Mit Emails vom 10.1.2014, 11.1.2014 und 13.1.2014 wandte sich der Klägervertreter an den Pressesprecher sowie den zuständigen Dezernenten der Staatsanwaltschaft Berlin, verwies auf die erfolgte Berichterstattung und bat um Mitteilung bis zum 14.1.2014, mit welchen Medienvertretern bezüglich der Anklage kommuniziert wurde.

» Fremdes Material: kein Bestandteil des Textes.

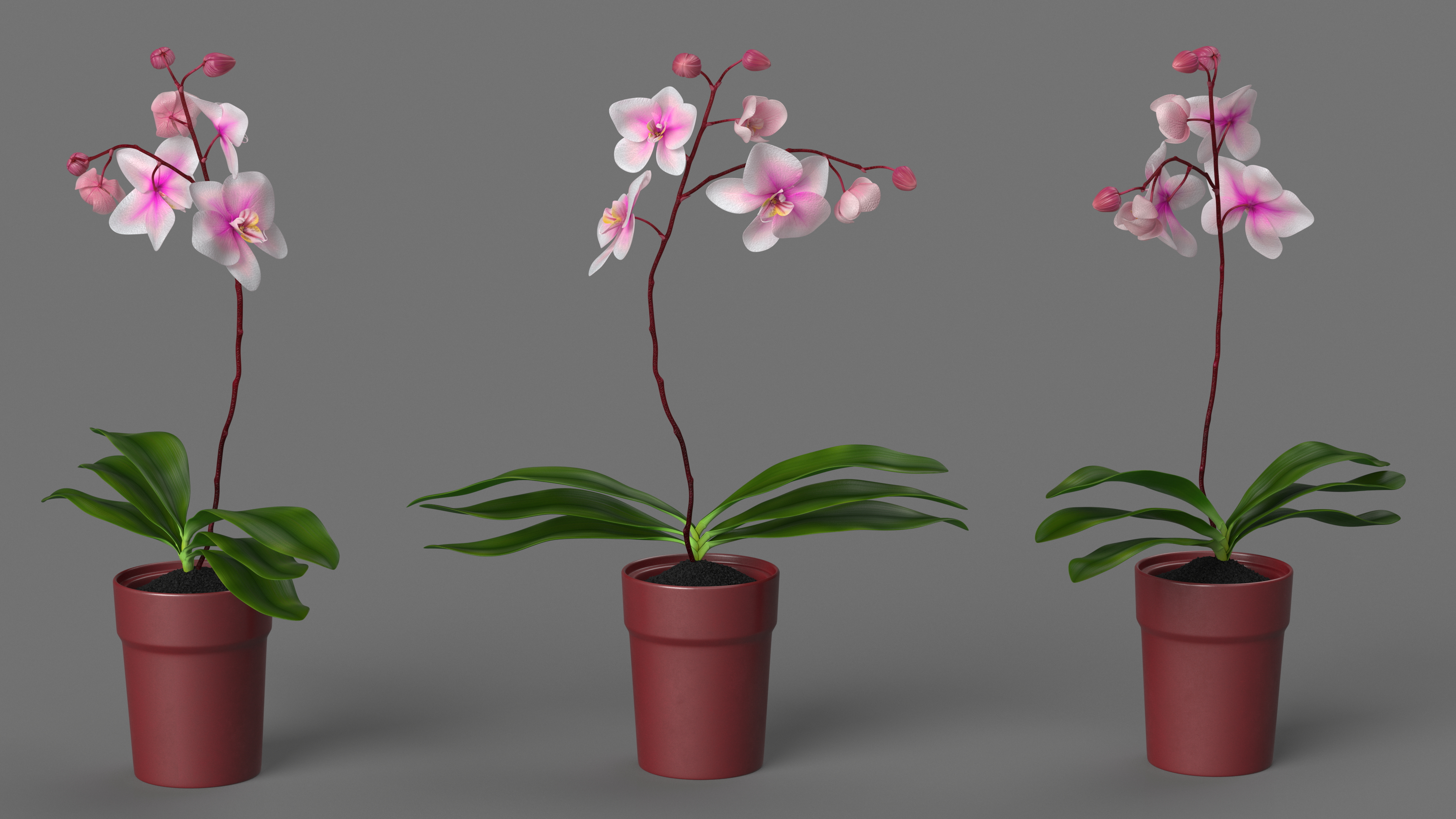 Red Pot Orchid 3D model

Am 14.1.2014 hat der Kläger erhoben. Er trägt vor, die Medien seien über die gegen ihn erfolgte Anklageerhebung informiert worden, bevor ihm die Anklage zugestellt wurde. Dies stelle einen Verstoß gegen das Gebot des fairen Verfahrens dar.

Der Kläger beantragt,

1. den Beklagten zu verurteilen, dem Kläger mitzuteilen,

- mit welchen Medienvertretern durch den Pressesprecher der Staatsanwaltschaft Berlin betreffend das Strafverfahren gegen H... (222 Js 1953/12) zwischen dem 12.12.2013 und dem 16.1.2014 kommuniziert worden ist (Ansprechpartner, Zeitung/Zeitschrift/Presseagentur, Datum des Gesprächs)

- welchen dieser Medienvertreter in diesem Zusammenhang mitgeteilt worden ist, dass gegen H... durch die Staatsanwaltschaft Berlin Anklage erhoben worden ist.

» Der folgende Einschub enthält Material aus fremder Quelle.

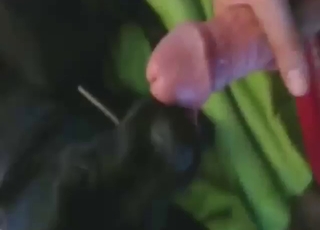Bestiality porn shows a guy who blows a big load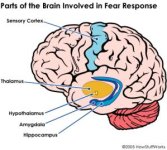 fear-4.jpg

2. festzustellen, dass die – ausdrückliche oder sinngemäße – Unterrichtung von Medienvertretern durch die Staatsanwaltschaft Berlin im Zeitraum zwischen Abschlussverfügung und 13.1.2014, wonach die Staatsanwaltschaft Berlin gegen Herrn T... im Zusammenhang mit einer sog. Datenaffäre beim Bundesgesundheitsministerium Anklage zum Landgericht Berlin erhoben hat, rechtswidrig war.

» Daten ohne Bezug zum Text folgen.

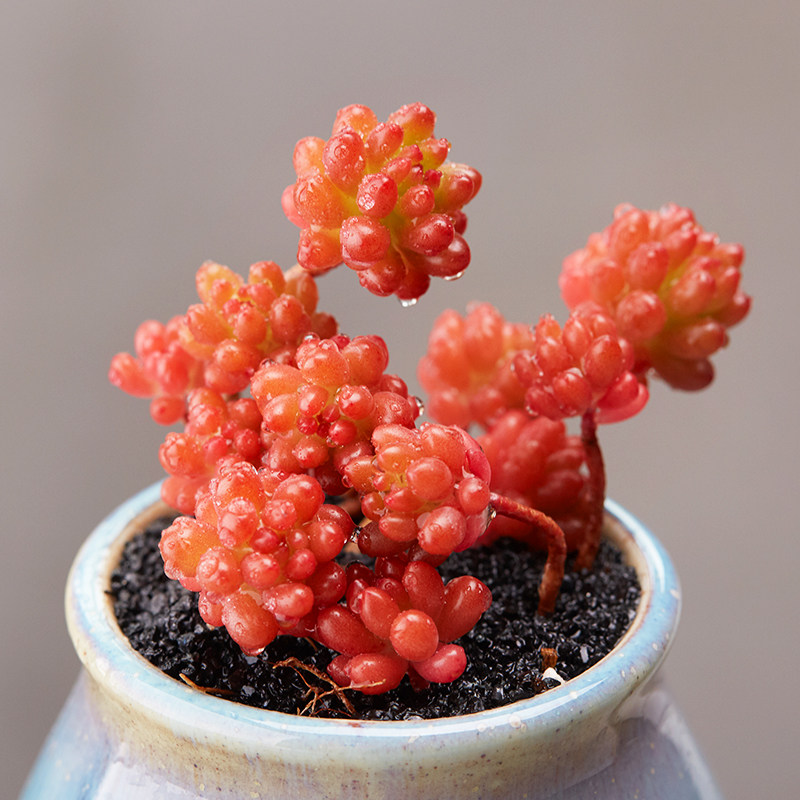 美诺花园 红色浆果 多肉绿植 防辐射肉肉植物 盆栽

3. den Beklagten zu verurteilen, den Empfängern der erteilten Auskünfte (Ziffer 1.) schriftlich mitzuteilen, dass die jeweilige Auskunft zu einer durch die Staatsanwaltschaft erhobenen Anklage gegen H... (Ziffer 2) rechtswidrig erteilt wurde.

Der Beklagte beantragt,

die Klage abzuweisen.

Er trägt im Wesentlichen vor, die Ansprüche zu 1. und 3. seien nicht erfüllbar, da Gespräche mit Medienvertretern nicht dokumentiert würden und der Justizpressesprecher sich an die im Zusammenhang mit diesem Verfahren geführten Gespräche nicht im Einzelnen erinnern könne. Bezüglich des Antrages zu 2. trägt der Beklagte vor, aus Stellungnahmen der Pressestelle gegenüber Medienvertretern habe zwar der Schluss gezogen werden können, dass gegen den Kläger Anklage erhoben wurde. Der Beklagte sei jedoch durch das Berliner Pressegesetz verpflichtet, dem Auskunftsanspruch der Presse Rechnung zu tragen. Auskünfte dürften nur verweigert werden, wenn durch die Erteilung ein schutzwürdiges privates Interesse verletzt würde. Bei der Abwägung, die hier zulasten des Klägers ausfalle, sei entscheidend, dass weder der Name des Klägers genannt noch Angaben zum Inhalt der Anklage gemacht wurden.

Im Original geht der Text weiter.